Noni Sun 17-Nov-19 17:31:08

The last time I moved was 11 years ago, which was my 3rd move in 40 years. I found the experience absolutely fine. The decluttering before the move was a very positive experience for me - after all why would you keep things you haven't looked at, used or have need for anymore? It definitely gave me a sense of release from lots of "stuff" that was of no use to me any more. Even things with memories of my children when young were a pleasure to give to them instead of carrying them on myself. I know I am not a "keeper" so for me it was easy. I try once a year to have a clear out, so that I will never have to declutter so much if I move again. Let's see!

I was lucky that the move was not too far away, so friends were not left behind.
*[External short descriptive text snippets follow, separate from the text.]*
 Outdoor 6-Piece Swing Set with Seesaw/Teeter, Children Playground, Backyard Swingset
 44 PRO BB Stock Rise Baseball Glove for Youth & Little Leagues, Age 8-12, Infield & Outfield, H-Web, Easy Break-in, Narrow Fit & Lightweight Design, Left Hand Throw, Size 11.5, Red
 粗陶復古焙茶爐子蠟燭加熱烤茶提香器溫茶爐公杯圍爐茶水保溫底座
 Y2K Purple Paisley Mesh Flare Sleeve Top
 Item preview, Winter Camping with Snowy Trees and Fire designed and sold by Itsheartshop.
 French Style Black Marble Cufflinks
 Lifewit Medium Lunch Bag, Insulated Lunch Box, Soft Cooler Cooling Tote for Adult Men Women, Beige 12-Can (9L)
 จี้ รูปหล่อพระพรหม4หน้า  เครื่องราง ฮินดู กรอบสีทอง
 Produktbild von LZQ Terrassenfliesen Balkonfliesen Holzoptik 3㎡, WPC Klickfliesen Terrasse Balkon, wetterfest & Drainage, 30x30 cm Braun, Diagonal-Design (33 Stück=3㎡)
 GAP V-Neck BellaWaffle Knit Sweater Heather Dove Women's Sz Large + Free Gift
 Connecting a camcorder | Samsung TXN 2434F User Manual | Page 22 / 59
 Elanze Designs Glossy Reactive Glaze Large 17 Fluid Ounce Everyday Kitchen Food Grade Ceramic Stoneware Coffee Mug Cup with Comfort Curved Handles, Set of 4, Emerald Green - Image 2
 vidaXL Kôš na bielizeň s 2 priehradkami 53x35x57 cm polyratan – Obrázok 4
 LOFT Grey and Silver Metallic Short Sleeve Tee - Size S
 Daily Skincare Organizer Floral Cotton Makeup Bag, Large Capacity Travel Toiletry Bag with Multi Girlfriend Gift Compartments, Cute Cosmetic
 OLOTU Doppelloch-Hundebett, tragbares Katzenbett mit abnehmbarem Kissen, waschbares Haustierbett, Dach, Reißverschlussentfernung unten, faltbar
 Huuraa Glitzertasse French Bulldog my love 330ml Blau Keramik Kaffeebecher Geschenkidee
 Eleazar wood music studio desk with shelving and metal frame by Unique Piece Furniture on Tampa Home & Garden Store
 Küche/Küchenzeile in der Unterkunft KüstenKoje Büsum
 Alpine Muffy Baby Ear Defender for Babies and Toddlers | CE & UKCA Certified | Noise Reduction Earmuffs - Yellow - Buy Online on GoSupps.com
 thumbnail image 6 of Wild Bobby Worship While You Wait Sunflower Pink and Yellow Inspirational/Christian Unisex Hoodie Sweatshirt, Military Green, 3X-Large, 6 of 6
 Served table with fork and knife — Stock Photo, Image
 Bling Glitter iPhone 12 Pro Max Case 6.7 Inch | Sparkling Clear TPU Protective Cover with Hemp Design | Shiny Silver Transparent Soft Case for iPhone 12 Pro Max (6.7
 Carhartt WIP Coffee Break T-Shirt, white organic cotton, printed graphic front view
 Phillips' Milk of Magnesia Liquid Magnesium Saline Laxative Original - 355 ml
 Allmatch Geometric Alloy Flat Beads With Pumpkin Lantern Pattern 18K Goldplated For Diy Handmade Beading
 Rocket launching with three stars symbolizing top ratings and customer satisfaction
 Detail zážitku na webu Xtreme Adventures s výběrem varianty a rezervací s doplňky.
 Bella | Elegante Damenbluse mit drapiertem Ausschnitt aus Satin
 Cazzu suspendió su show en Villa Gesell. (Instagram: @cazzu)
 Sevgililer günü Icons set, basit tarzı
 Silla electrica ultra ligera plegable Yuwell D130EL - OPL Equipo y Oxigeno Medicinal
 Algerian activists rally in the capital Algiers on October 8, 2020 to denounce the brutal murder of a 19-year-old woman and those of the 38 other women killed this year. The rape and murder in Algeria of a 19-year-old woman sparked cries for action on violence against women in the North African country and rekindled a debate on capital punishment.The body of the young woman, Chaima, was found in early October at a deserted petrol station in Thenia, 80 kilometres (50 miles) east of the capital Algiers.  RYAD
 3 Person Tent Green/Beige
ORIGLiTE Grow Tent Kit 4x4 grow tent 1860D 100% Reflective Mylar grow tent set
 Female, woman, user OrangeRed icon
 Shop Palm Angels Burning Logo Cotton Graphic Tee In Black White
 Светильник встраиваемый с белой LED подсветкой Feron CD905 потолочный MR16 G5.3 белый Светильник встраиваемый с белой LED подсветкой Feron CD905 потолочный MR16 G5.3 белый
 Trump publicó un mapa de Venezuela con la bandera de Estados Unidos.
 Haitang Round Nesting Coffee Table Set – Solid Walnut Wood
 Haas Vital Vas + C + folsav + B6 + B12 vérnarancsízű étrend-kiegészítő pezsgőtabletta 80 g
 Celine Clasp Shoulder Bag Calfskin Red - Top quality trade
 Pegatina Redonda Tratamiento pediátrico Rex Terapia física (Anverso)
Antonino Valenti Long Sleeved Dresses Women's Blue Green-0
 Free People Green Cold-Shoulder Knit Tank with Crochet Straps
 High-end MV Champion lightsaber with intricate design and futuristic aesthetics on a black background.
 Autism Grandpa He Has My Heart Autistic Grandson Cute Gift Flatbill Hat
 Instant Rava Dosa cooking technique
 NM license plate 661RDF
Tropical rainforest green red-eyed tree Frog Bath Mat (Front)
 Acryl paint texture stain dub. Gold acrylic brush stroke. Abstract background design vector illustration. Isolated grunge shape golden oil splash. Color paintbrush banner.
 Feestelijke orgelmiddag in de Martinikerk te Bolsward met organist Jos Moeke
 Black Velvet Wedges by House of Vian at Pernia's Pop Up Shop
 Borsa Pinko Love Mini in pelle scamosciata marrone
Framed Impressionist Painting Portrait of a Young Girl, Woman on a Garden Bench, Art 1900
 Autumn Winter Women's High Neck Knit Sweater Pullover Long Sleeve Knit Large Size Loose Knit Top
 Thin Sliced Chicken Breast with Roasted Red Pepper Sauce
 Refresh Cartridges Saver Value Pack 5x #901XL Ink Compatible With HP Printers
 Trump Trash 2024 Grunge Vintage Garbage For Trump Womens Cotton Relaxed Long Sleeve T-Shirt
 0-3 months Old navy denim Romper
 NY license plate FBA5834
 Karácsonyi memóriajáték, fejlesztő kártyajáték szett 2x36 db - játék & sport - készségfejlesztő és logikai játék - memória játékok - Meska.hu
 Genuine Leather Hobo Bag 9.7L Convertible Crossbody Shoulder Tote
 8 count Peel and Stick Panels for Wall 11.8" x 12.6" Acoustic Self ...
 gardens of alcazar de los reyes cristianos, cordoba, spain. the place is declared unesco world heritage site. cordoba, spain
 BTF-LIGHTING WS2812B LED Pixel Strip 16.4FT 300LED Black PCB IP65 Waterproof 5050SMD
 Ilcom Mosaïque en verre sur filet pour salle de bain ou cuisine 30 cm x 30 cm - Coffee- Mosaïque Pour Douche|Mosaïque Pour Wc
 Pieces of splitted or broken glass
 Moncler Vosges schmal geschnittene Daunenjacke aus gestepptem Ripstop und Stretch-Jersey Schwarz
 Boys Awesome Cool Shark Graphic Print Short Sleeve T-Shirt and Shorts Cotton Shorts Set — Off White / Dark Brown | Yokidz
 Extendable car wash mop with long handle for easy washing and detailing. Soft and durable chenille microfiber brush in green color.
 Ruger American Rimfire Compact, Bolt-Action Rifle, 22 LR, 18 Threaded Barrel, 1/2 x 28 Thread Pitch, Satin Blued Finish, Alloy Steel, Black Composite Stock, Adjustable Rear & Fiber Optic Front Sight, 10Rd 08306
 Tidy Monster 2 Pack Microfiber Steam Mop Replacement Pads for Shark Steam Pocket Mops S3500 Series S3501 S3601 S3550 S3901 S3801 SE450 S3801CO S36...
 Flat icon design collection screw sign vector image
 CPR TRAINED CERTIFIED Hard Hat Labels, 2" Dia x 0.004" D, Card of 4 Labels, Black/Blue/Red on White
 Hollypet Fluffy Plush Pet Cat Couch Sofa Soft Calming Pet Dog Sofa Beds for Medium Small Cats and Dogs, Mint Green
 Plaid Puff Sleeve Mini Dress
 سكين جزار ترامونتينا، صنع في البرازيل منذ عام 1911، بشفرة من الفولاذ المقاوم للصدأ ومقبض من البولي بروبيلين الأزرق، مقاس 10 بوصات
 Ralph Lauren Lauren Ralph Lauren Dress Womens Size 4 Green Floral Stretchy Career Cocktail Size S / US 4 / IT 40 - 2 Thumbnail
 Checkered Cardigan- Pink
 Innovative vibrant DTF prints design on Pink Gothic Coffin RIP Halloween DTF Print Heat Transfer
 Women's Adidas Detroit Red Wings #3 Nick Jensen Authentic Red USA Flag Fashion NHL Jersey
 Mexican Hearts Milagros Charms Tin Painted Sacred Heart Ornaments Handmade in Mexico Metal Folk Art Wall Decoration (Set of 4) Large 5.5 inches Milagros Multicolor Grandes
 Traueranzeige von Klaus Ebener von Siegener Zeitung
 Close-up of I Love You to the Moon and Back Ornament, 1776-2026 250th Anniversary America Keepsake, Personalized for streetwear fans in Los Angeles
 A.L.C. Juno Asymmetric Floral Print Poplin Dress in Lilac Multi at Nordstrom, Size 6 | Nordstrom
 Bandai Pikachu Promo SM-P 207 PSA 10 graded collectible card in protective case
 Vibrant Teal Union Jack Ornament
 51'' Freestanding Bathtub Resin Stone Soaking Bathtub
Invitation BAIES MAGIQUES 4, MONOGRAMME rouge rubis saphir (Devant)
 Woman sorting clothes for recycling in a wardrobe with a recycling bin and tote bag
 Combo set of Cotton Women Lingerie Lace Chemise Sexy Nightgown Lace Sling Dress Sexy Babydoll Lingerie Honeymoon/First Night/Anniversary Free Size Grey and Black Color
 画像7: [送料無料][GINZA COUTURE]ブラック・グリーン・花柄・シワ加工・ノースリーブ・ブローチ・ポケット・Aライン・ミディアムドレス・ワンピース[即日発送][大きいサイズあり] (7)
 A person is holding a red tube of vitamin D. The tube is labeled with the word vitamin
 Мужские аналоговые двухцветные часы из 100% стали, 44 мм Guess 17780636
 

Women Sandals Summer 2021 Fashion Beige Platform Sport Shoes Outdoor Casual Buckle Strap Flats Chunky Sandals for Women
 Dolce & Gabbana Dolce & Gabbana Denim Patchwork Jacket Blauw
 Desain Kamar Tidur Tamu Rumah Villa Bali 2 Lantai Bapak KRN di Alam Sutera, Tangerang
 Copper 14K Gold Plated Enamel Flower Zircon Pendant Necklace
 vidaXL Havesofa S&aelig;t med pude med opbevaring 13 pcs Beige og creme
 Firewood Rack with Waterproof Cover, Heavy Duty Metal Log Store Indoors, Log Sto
I still live in a house, but if I needed to move to a flat, then I would do so with no hesitation - I think!

cathisherwood Sun 17-Nov-19 18:31:35

It is the garden I would not like to leave and the view from the windows. I enjoyed decluttering but would not move again unless we get built around and los our view

Wilsa Sun 17-Nov-19 18:39:03

Having recently moved I would not like to go through the stress of it again. Luckily we love our new home and it really feels so much better without all the clutter and stuff accumulated over the last 30 Years.

Ffion63 Sun 17-Nov-19 18:50:32

Having just cleared out my father’s flat following his move into a care home, I am inspired to downsize and move to a flat or cottage. The frequent house moves made by him and my stepmother made the house clearing process easy for us. No clutter, minimal furniture and items labelled stating to whom they were bequeathed. A move of home from the one we have inhabited for 40 years would make things simpler and less painful for our children after our eventual passing.

Yearoff Sun 17-Nov-19 19:05:40

Have you ever put off moving because it seemed too difficult? No. The moves were always necessary.
What do you least look forward to about moving house? Getting my own house in order so it sells. I’m a bit of a cluttered person so it’s a daunting task.
Does the thought of decluttering when moving house fill you with dread, or does it feel like an exciting new start? To be fair it’s the best part of moving and also the hardest. I once said that every 5 years I should pretend I’m moving just to declutter.
What would make you consider moving house in the future? I’ve been in my flat for 9 years. I thought it would be short term , planning to get married and move in the next few years but my partner is now terminally ill, so I guess I will stay put here. I look at little houses but I’m not ready yet. Won’t rule it out completely.

Greeneyedgirl Sun 17-Nov-19 20:35:55

It is interesting how many posts mention dreading decluttering which will in some cases put people off from moving, but conversely how those who have moved and had a major declutter are so positive and wish they'd done so sooner.

Great post Grandmaz showing that happiness is not rooted in "stuff" but in head and heart.